═════ Dataset records
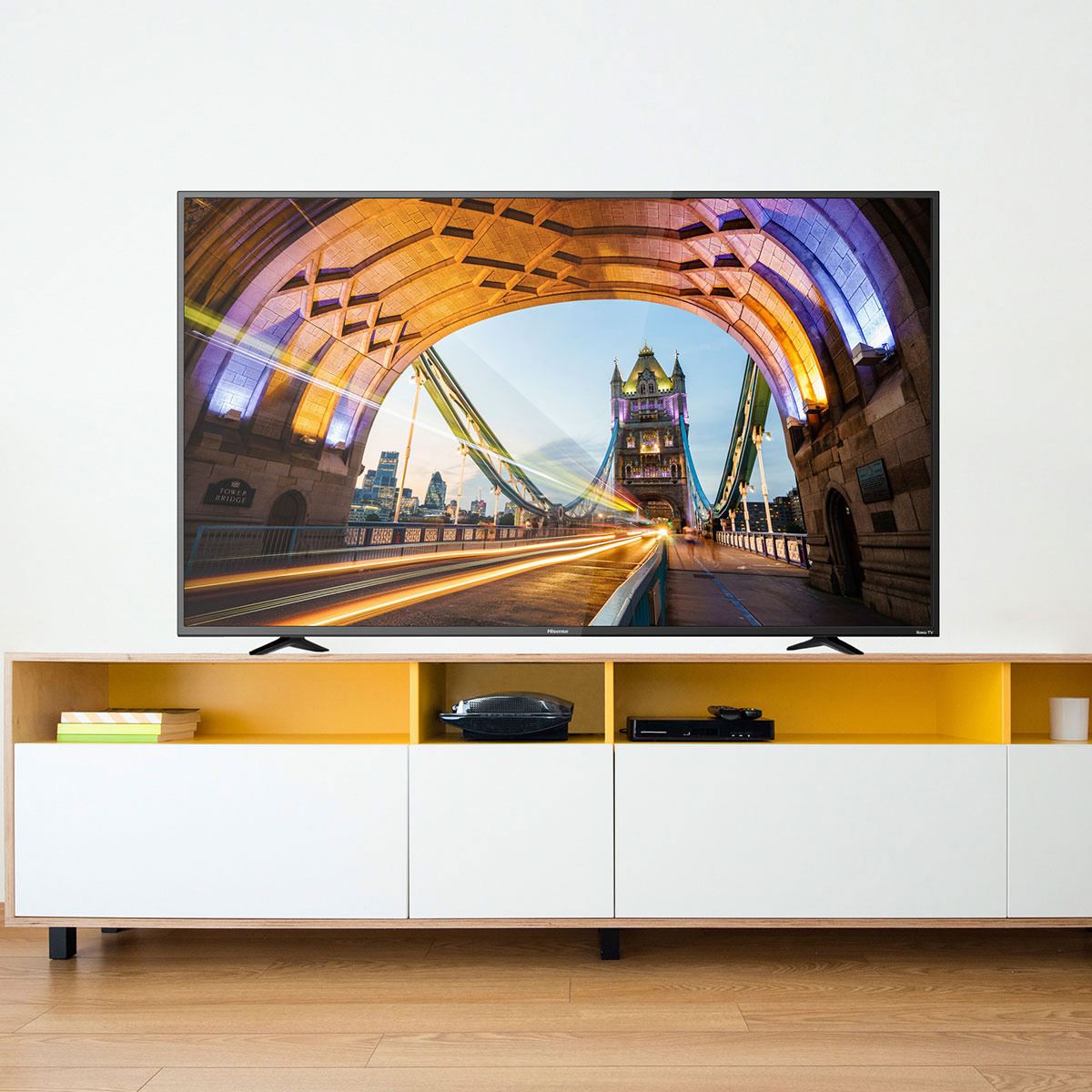 Pantalla 43" UHD Smart Roku Hisense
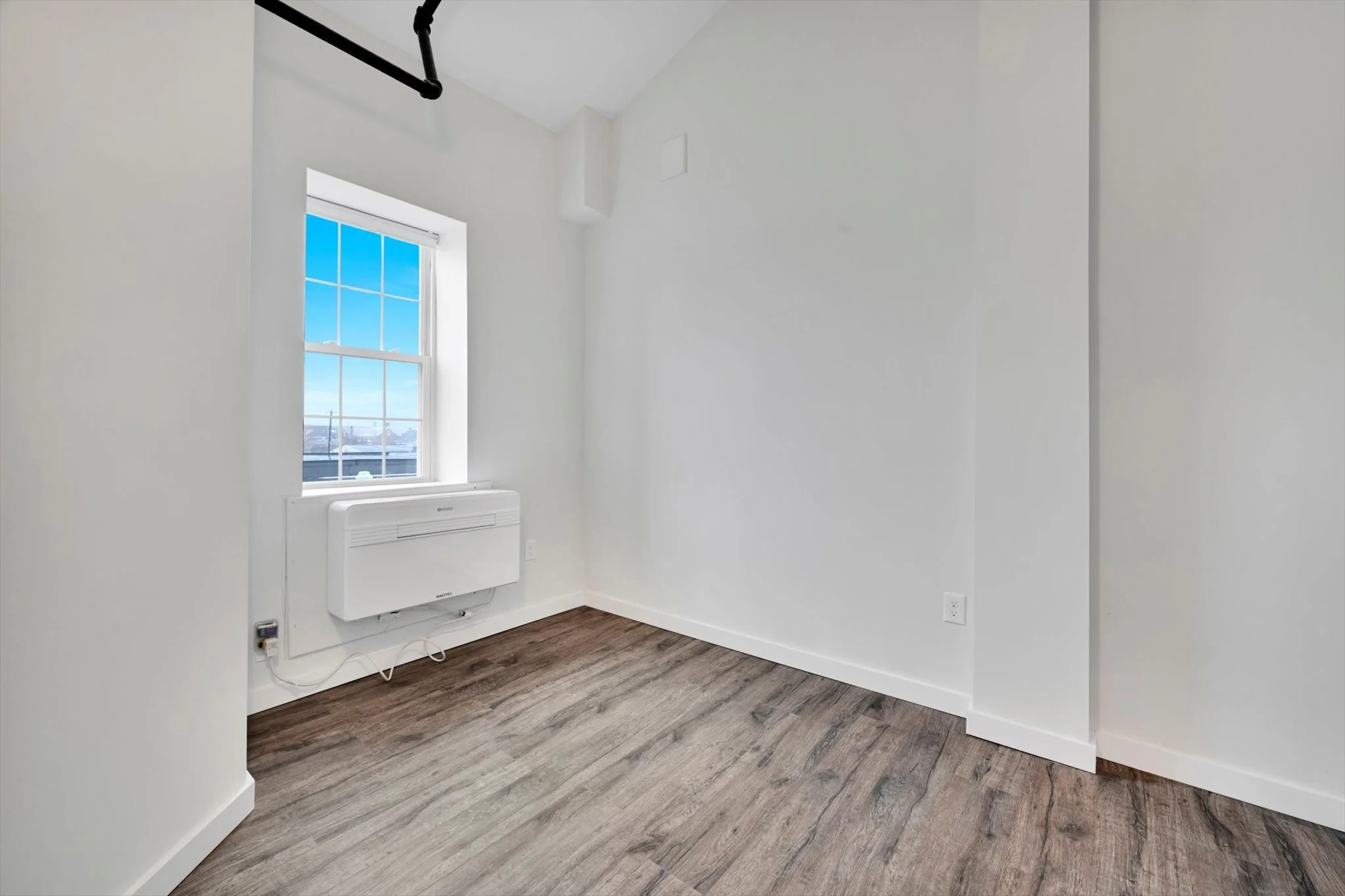 25-Apartment 314 - Bedroom.jpg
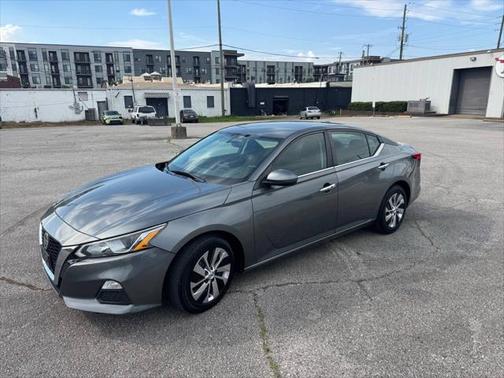 2020 Nissan Altima SR FWD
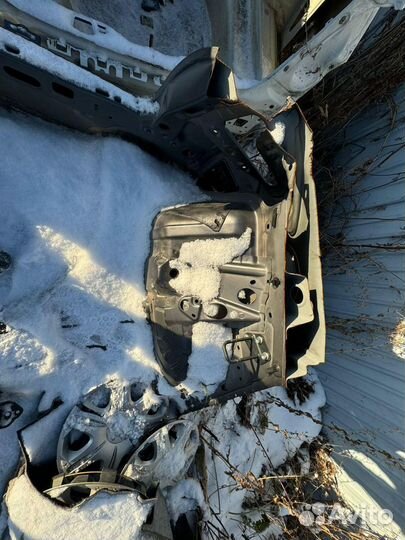 Крыло заднее левое Toyota Auris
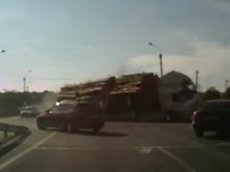 В Одессе перевернулся грузовик с бревнами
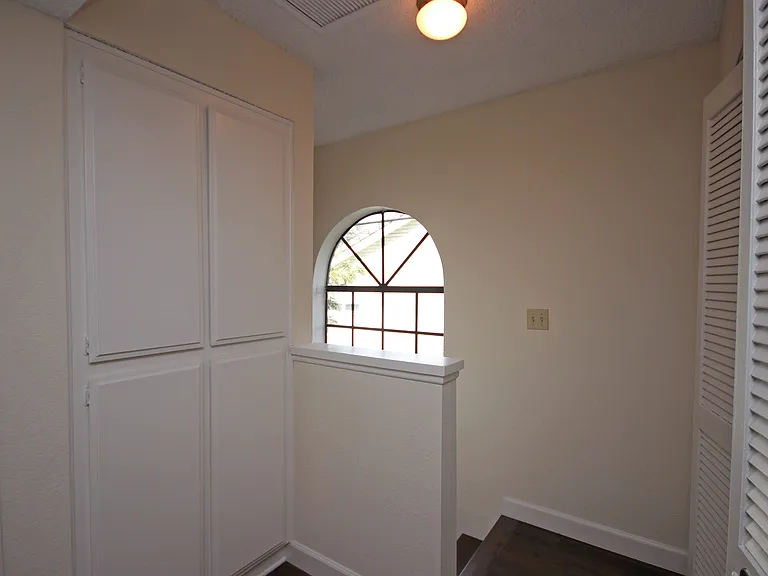 416 N Bushnell Ave #F — Photo 24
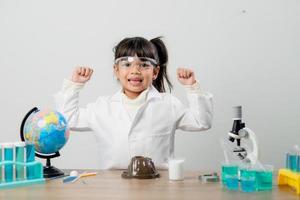 utbildning, vetenskap, kemi och barn begrepp - barn eller studenter med testa rör framställning experimentera på skola laboratorium foto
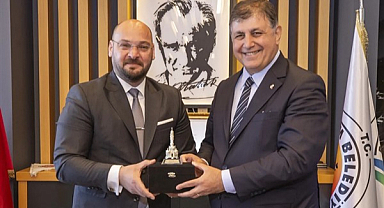 İzmir Belediye Başkanı Cemil Tugay'dan Serhat Türkel'e ziyaret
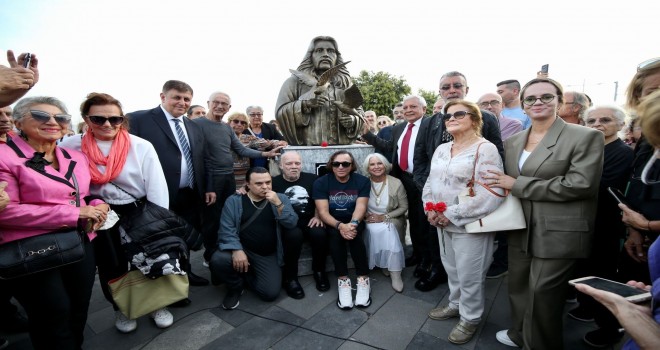 Barış Manço Büstü açıldı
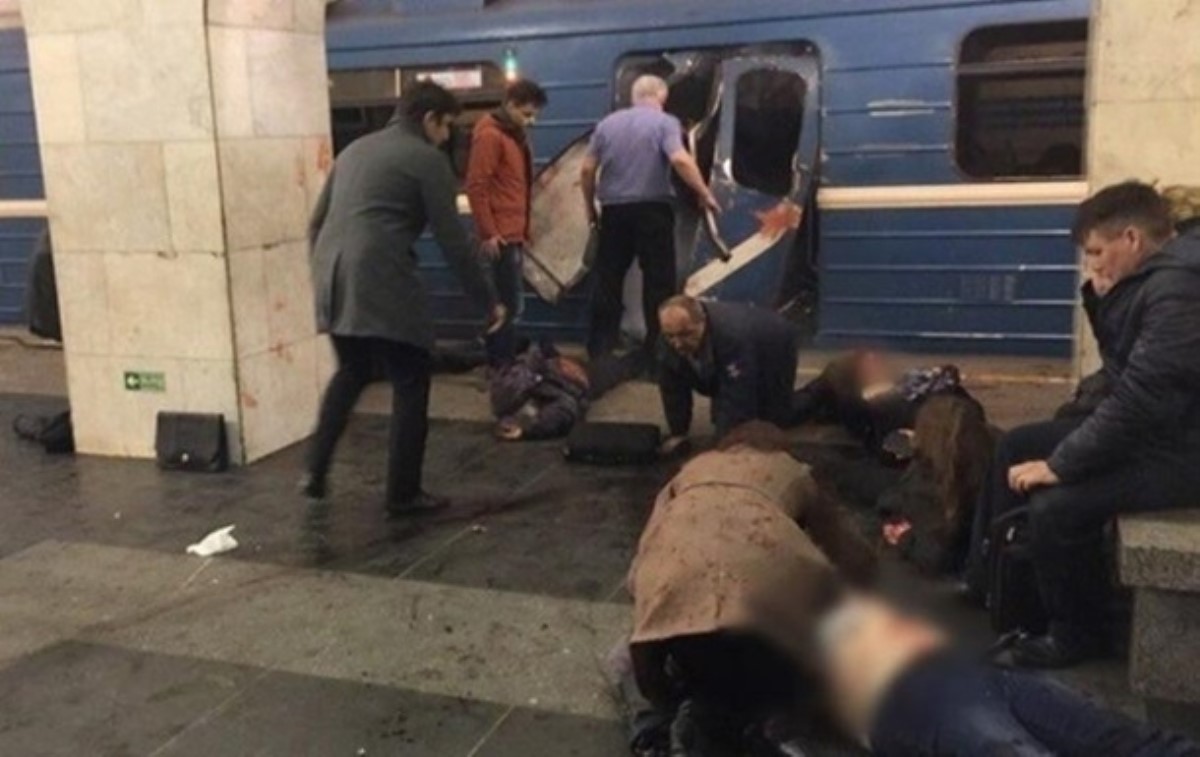 По делу о теракте в метро задержаны восемь человек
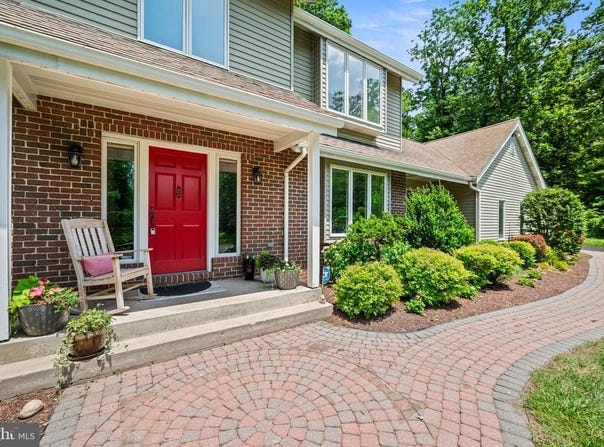 211 FOX LANE, WALLINGFORD, PA 19086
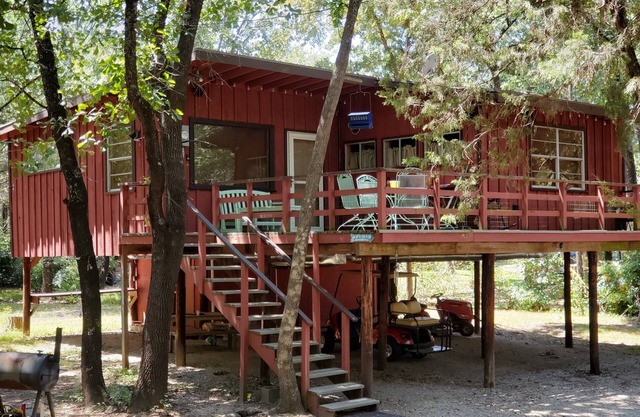 Treehouse Cabin/Beach and Lake Access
══════════
» Exercise instructions
What you return should match the entries word for word, pictures aside.

» Response
 Pantalla 43" UHD Smart Roku Hisense
 25-Apartment 314 - Bedroom.jpg
 2020 Nissan Altima SR FWD
 Крыло заднее левое Toyota Auris
 В Одессе перевернулся грузовик с бревнами
 416 N Bushnell Ave #F — Photo 24
 utbildning, vetenskap, kemi och barn begrepp - barn eller studenter med testa rör framställning experimentera på skola laboratorium foto
 İzmir Belediye Başkanı Cemil Tugay'dan Serhat Türkel'e ziyaret
 Barış Manço Büstü açıldı
 По делу о теракте в метро задержаны восемь человек
 211 FOX LANE, WALLINGFORD, PA 19086
 Treehouse Cabin/Beach and Lake Access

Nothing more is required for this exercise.